PDAS Perez also traveled to the Tajik industrial city of Tursunzade, home of Central Asia's largest aluminum plant, to visit one of the 16 Community Policing Partnership Teams (CPPT) established by INL in the country. The CPPTs link community leaders and police to address mutual issues and concerns. The leader of the Tursunzade CPPT, a mullah, told PDAS Perez that based on its survey of the community the CPPT was focusing attention on youth, principally through programmed sports activities at a nearby school. PDAS Perez then viewed a karate demonstration by more than two dozen youth, including two slated to compete in a Central Asia regional championship that weekend.
In Monrovia, Liberia, the INL Section works with the Government of Liberia to build its capacity to assume justice and security responsibilities as the UN Mission in Liberia draws down. INL is working closely with the Liberia’s Drug Enforcement Agency (DEA), the Liberian National Police (LNP), and key judicial actors to strengthen these institutions.

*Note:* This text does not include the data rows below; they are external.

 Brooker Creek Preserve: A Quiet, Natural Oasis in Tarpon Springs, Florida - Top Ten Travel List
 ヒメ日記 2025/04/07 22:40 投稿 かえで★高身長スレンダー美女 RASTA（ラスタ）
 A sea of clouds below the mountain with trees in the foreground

In the last year, INL has significantly improved Liberia’s capability to disrupt trafficking and reduce drug demand. INL has advanced reform of Liberia’s DEA through training and by providing material support and a full-time mentor. In the past six months, Liberia’s DEA made significant drug seizures at Monrovia’s international airport, at the border with Sierra Leone, and elsewhere in the country. In partnership with the UN Office on Drugs and Crime (UNODC), INL supported the Liberian Transnational Crime Unit on several successful interdictions of drugs, wildlife, and property as well as breaking up attempts to traffic people. In partnership with Plan Colombo and UNODC, INL is also assisting Liberia’s efforts to reduce drug demand. Programs with Liberia’s Ministries of Health and Education, and with local NGOs, are in place to train treatment professionals, develop preventive education for schools and build rehabilitation capacity.

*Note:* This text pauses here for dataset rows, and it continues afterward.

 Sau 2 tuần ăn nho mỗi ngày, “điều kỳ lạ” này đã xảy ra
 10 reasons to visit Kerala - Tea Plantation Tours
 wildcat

INL advisors also mentor LNP leaders. Recently, INL assisted with choosing professional police replacements for several political appointees and helped finance training of the riot-control unit to reach its mandated level of 1,000 officers. INL is supporting the recertification of the elite Emergency Response Unit to ensure its officers meet international proficiency standards; support to the LNP’s Professional Standards Division will ultimately build credibility with the public and the international community. Meanwhile, INL is assisting with repairs and upgrades to the existing radio network used by civilian law enforcement and security agencies.

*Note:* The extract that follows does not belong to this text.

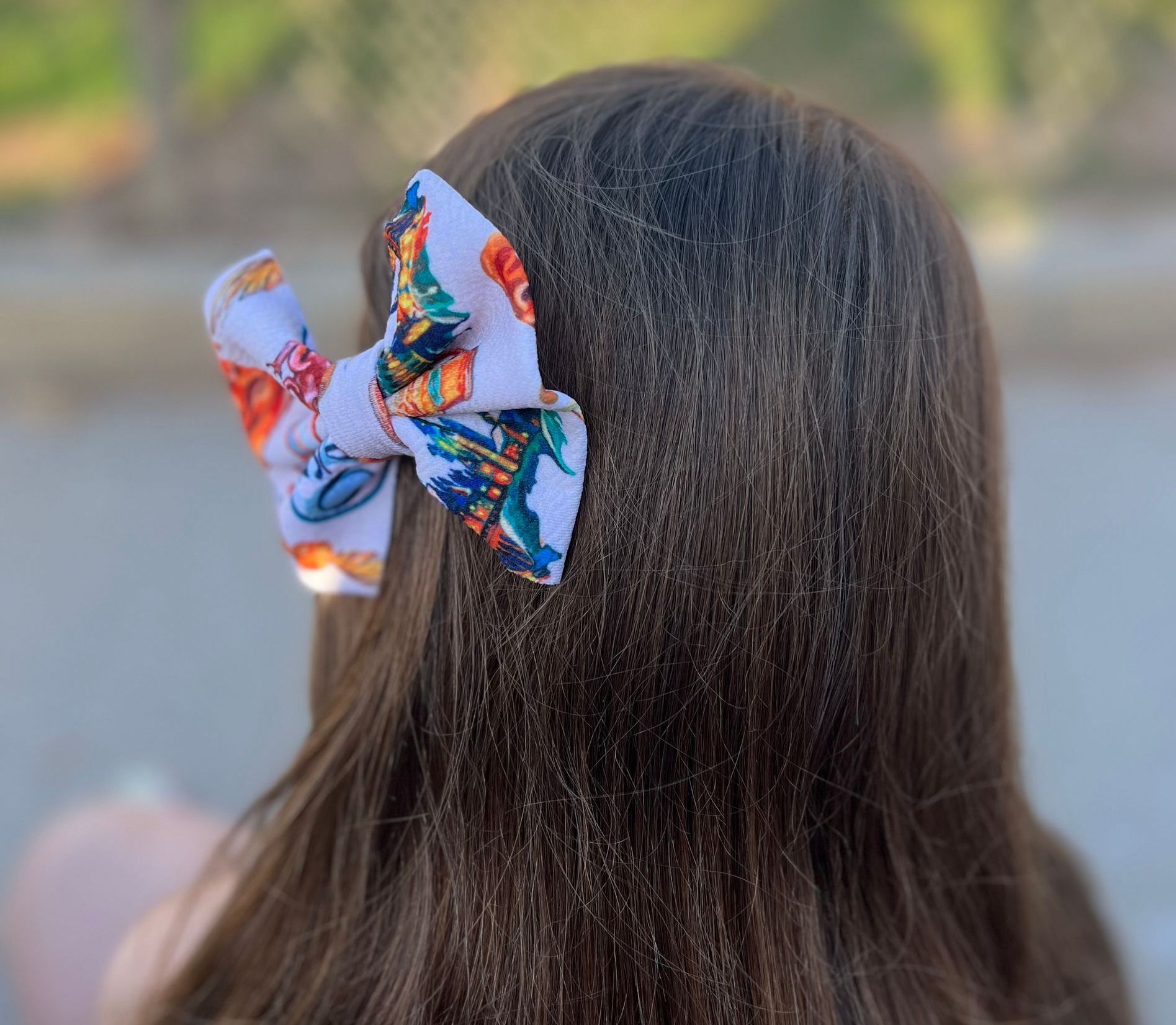 Cartoon & Character Clip Bows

INL is working to strengthen the justice sector by improving the administrative and management processes and procedures of the Ministry of Justice. Additional support includes training for prosecutors, defense attorneys, and other key judicial actors, such as clerks of court and court reporters. Three legal advisors offer training, mentoring, and technical assistance to the Government of Liberia on a range of issues including strengthening the overall effectiveness of the judiciary. Specific areas of focus have been in the prosecution of sexual and gender-based violence. Finally, INL supports decentralized dispute resolution in two strategic rural counties in order to improve security, stability, and the rule of law.
INL continues to make progress through a range of programs that support the Government of Liberia.